[Extracted records]
= = = =
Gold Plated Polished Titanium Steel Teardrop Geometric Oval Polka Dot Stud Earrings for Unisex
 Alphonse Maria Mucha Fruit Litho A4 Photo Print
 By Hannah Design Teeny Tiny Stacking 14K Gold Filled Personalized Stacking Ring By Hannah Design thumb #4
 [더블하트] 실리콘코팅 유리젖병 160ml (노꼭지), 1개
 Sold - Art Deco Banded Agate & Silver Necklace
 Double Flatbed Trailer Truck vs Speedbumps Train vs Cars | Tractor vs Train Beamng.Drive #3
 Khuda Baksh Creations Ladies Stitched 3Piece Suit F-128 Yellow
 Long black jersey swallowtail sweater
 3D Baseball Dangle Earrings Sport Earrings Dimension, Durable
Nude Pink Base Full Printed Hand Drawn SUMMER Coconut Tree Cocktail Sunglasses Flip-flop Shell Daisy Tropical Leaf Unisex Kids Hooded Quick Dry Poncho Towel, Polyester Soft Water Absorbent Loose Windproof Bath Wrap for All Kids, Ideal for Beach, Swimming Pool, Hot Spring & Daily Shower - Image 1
= = = =
## TASK
Starting at the line that contains "Double Flatbed Trailer", print every line through the last one of the records, exactly and with nothing else.

## SOLUTION FOR THIS EXERCISE
 Double Flatbed Trailer Truck vs Speedbumps Train vs Cars | Tractor vs Train Beamng.Drive #3
 Khuda Baksh Creations Ladies Stitched 3Piece Suit F-128 Yellow
 Long black jersey swallowtail sweater
 3D Baseball Dangle Earrings Sport Earrings Dimension, Durable
Nude Pink Base Full Printed Hand Drawn SUMMER Coconut Tree Cocktail Sunglasses Flip-flop Shell Daisy Tropical Leaf Unisex Kids Hooded Quick Dry Poncho Towel, Polyester Soft Water Absorbent Loose Windproof Bath Wrap for All Kids, Ideal for Beach, Swimming Pool, Hot Spring & Daily Shower - Image 1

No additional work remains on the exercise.